There is a company here in Leeds (26 Digital) that created an app called iHobo for a homeless charity, Depaul UK, some years back. People would carry a virtual homeless person on their smartphone for three days, and this virtual homeless person would require food, money and shelter at all sorts of inconvenient moments. The idea was to engage people in understanding the complexity of the homeless problem but also to raise funds for the charity. In a YouTube clip, one of the final signs held up by one of the app users describes the relationship with iHobo: "when they’re virtual, it’s real." This phrase has stuck in my mind.

In the future of meetings (FOM) study, many experts identified virtual connections as very far from a threat to real-life meetings. In fact, the majority shared the view that online connections presented quite an opportunity. In the FOM LinkedIn group, I have considered how good it would be to meet these connections in real-time after so many lively online discussions. I must be on trend. As according to the FOM study, the desire to make online connections real will be a future meetings driver.

Trendr, based in Canada, is one of the first movers in the virtual-to-real-world connections that can be made through social networks. The company jumped on the opportunity to transform online connections into real-time meetings—their tagline is "The simplest way for professionals
to meet face to face."

Peter Davison, co-founder of Trendr, says the idea came from the founder, Michael Beddows, who, when he moved to New York City, began to see important people that would have an impact on his professional life were in close proximity to where he was on an almost daily basis. He investigated how to leverage LinkedIn and GPS functionality, and the result was Trendr. The app means business professionals are able to connect with each other across the cities they live in or travel to. For example, Trendr has the functionality to have two professionals meet at a cafe using the venue selection engine if they happen to be near each other. They are not the only company to be seeing opportunities in social media for initiating meetings.

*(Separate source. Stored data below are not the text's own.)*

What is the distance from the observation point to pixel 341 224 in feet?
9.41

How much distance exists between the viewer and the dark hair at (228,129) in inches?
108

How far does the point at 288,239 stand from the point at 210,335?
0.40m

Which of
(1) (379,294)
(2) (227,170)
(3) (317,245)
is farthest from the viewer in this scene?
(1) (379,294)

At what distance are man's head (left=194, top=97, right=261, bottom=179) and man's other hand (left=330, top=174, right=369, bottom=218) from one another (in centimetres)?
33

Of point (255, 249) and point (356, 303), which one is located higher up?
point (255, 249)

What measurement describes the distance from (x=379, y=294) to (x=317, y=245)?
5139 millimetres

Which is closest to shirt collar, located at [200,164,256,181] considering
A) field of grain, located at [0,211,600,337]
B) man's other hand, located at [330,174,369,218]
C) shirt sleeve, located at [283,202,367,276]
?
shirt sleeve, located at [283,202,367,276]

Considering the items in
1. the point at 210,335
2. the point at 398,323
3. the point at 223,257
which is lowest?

SeatID Travel is an application being offered to airlines that promises to "socialize the online ticket purchase process and allows airline passengers to choose a flight and a seatmate based on their social network profiles." Could your attendees start their conversations on the way to your meetings through software like this?

The Trendr team has already seen the opportunities within events and meeting spaces to leverage benefits for attendees. Davison explains, "We just got back from CrossmediaTO
2013. We had people using Trendr to meet with each other and did a test drive of our Trendr Meeting Zone services. We worked with the event team to ensure that there were calls to action and networking times available for all."

For Davison the technology will speed up our abilities to connect in real time and will enhance those connections, particularly through meetings.

"We can help solve that key pain point that is being talked about, written about and showing up on survey cards—participant experience. Trendr will have participants walking away from conferences with valuable and meaningful exchanges."

As well as highlighting new entrants into the meeting business, the company demonstrates the opportunities that virtual connections can provide to conferences to enhance the benefits and richness of networking. In the future of meetings research, Jesse Schell, author of the Art of Game Design: A Book of Lenses, believed that more effective networking can and will be achieved through technology."There are opportunities to have smartphone systems to connect with other people at the conference somewhat more efficiently than we do now. Right now you kind of drift around, you plan ahead to some extent, and then you drift around and you kind of bump into people, but I know there are some companies that have started to create products that help you find people you’re looking for at conferences and I think that sort of thing is going to start to grow."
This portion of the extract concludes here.